**Source material:**
==*==

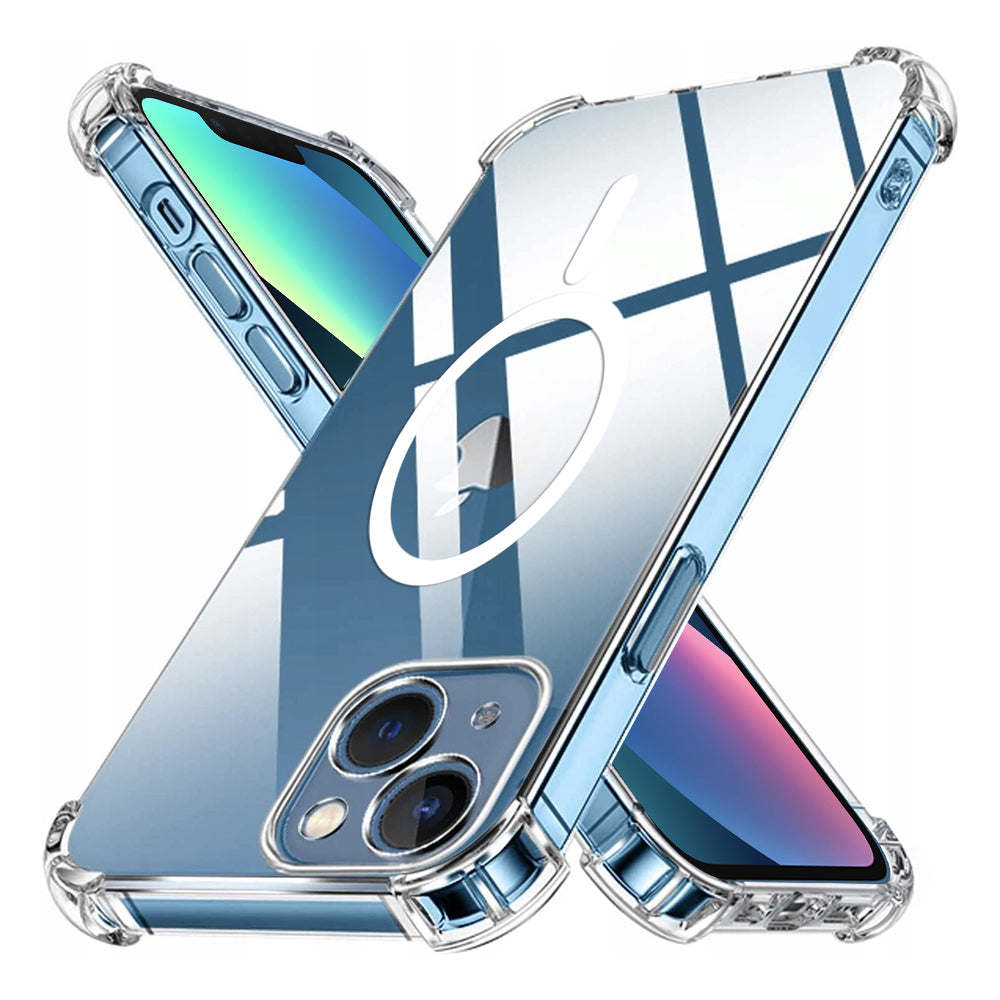 Techsuit - Shockproof Clear Silicone MagSafe - iPhone 13 - Clear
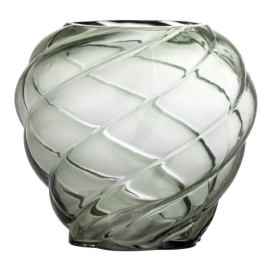 Světle zelená skleněná váza Leyan – Bloomingville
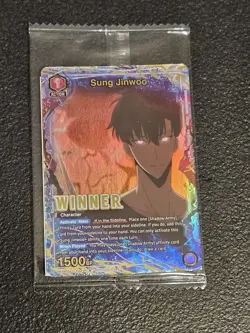 Union Arena Solo Leveling Sung Jinwoo WINNER UEPR/SLG-1-019 English Promo Sealed - Image 1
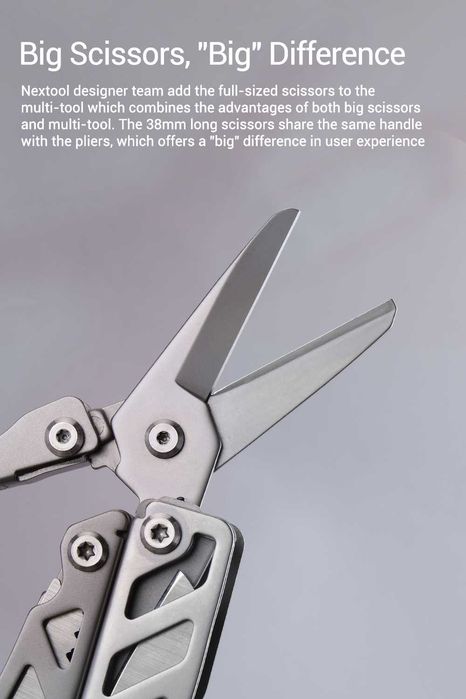 Мультитул Xiaomi NexTool Flagship Pro (KT5020) 16 в 1, Silver + чехол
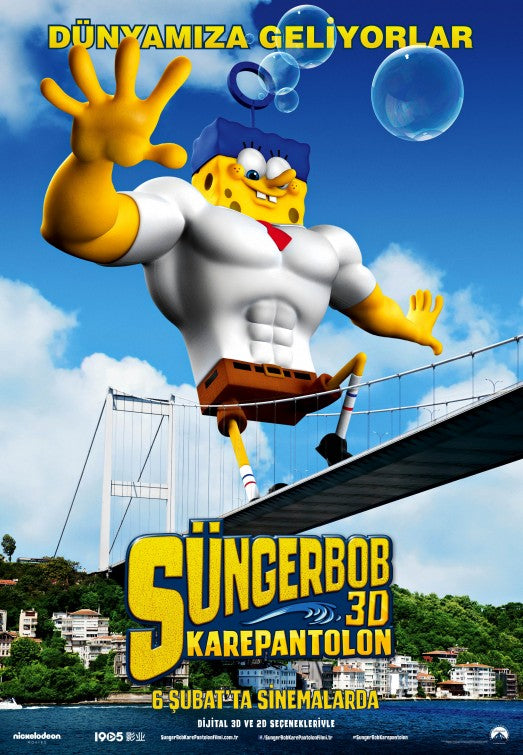 1000 piece jigsaw puzzle for the movie poster: The SpongeBob Movie: Sponge Out of Water (2015) ver28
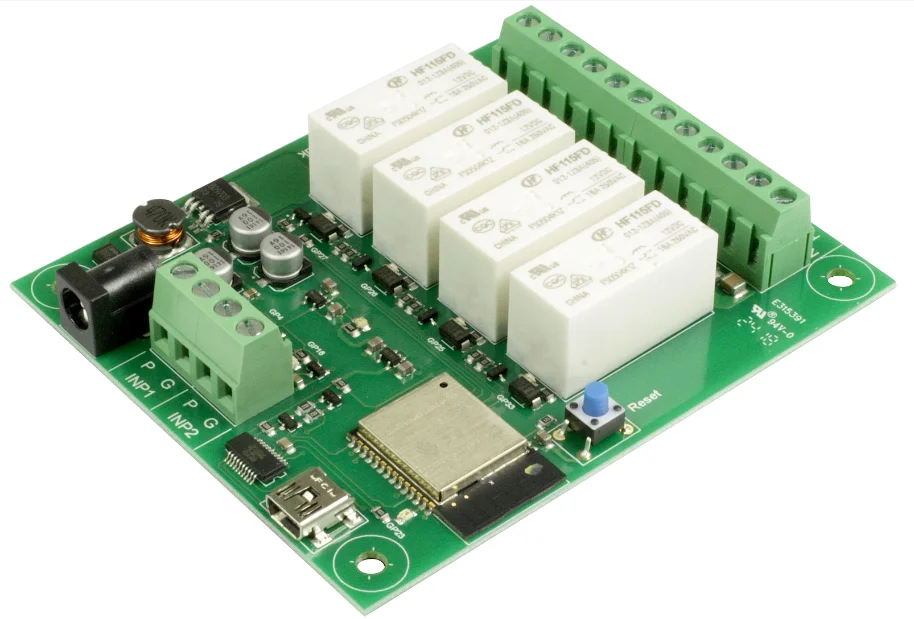 ESP32LR42 - WIFI 4 X 16A Relays Electronic Module Development Board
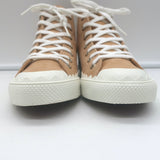 Chloe Kyle High Top Sneakers Beige Suede Size 36 NEW
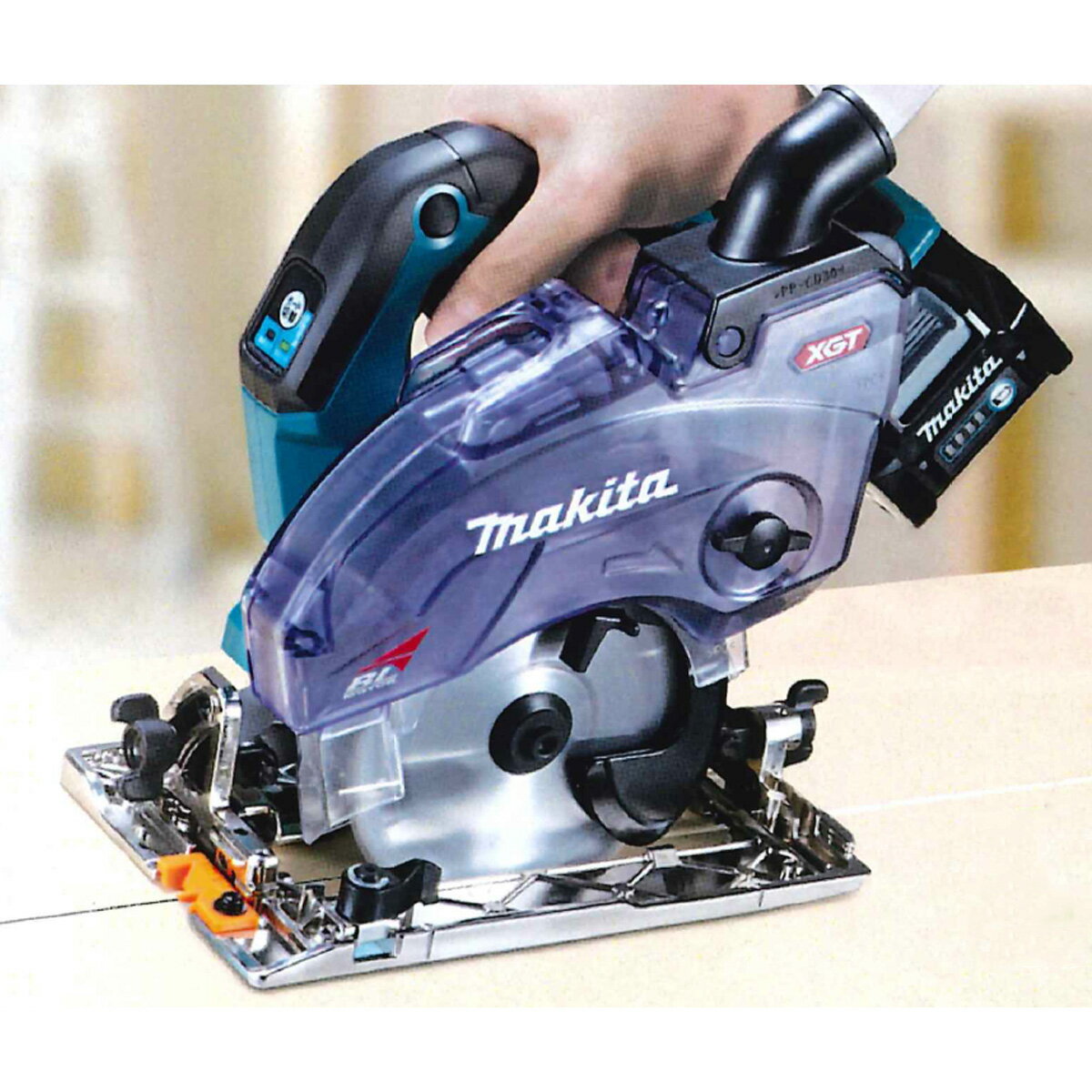 マキタ(makita) KS004GRDX 充電式防塵マルノコ 逆勝手仕様 40V 刃物径:125mm バッテリー/充電器セット ダストボックス仕様 無線連動対...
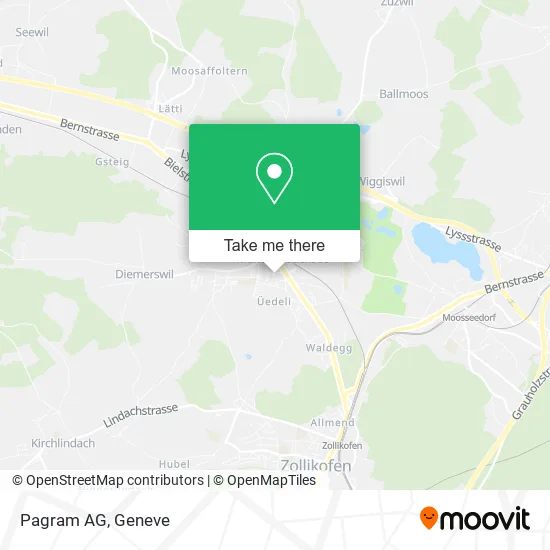 Pagram AG map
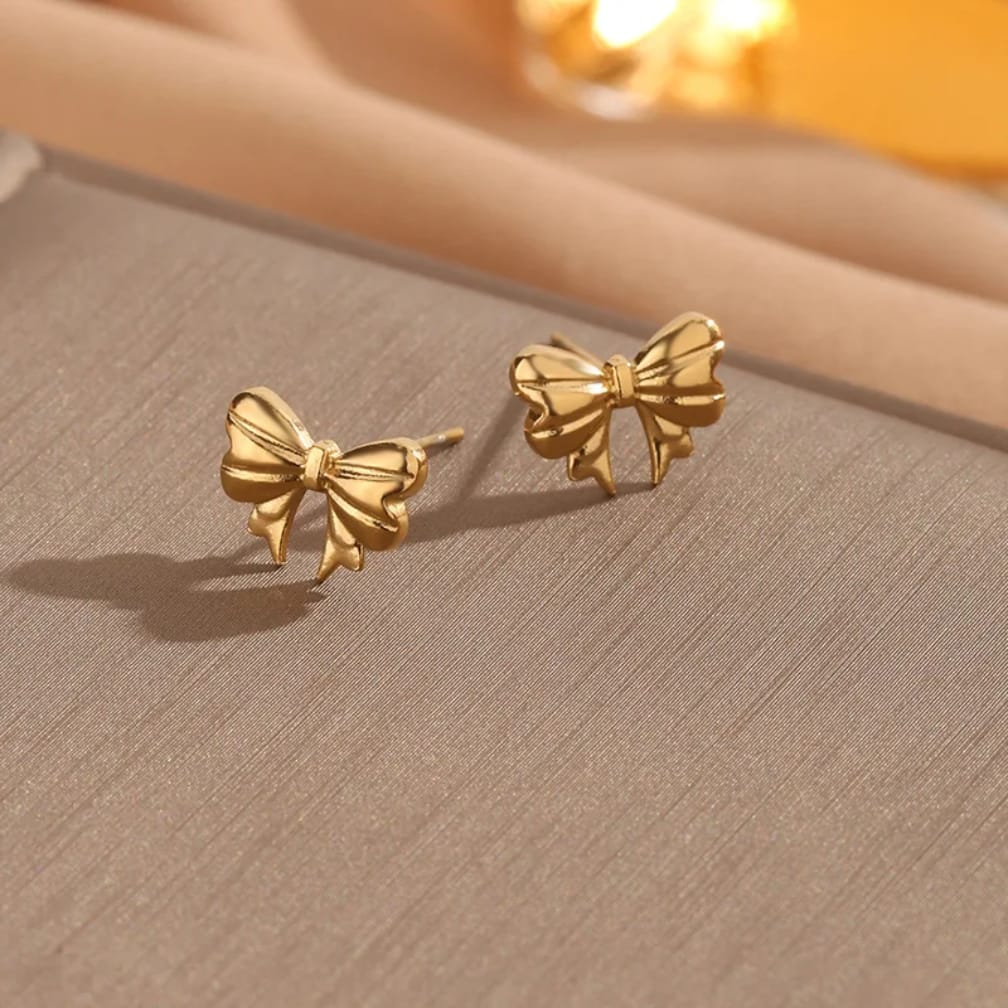Elegant Bow Stud Earrings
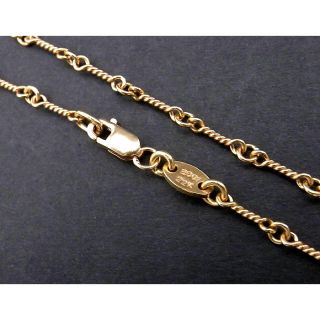 Chrome Hearts - クロムハーツ 22k ツイスト チェーン 本物 18インチの Chrome Hearts - クロムハーツ 22k ツイスト チェーン 本物 18インチの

==*==

**Task statement:** Return the material above in exact form. Pictures stay out.

**Result of the exercise:**
 Techsuit - Shockproof Clear Silicone MagSafe - iPhone 13 - Clear
 Světle zelená skleněná váza Leyan – Bloomingville
 Union Arena Solo Leveling Sung Jinwoo WINNER UEPR/SLG-1-019 English Promo Sealed - Image 1
 Мультитул Xiaomi NexTool Flagship Pro (KT5020) 16 в 1, Silver + чехол
 1000 piece jigsaw puzzle for the movie poster: The SpongeBob Movie: Sponge Out of Water (2015) ver28
 ESP32LR42 - WIFI 4 X 16A Relays Electronic Module Development Board
 Chloe Kyle High Top Sneakers Beige Suede Size 36 NEW
 マキタ(makita) KS004GRDX 充電式防塵マルノコ 逆勝手仕様 40V 刃物径:125mm バッテリー/充電器セット ダストボックス仕様 無線連動対...
 Pagram AG map
Elegant Bow Stud Earrings
 Chrome Hearts - クロムハーツ 22k ツイスト チェーン 本物 18インチの Chrome Hearts - クロムハーツ 22k ツイスト チェーン 本物 18インチの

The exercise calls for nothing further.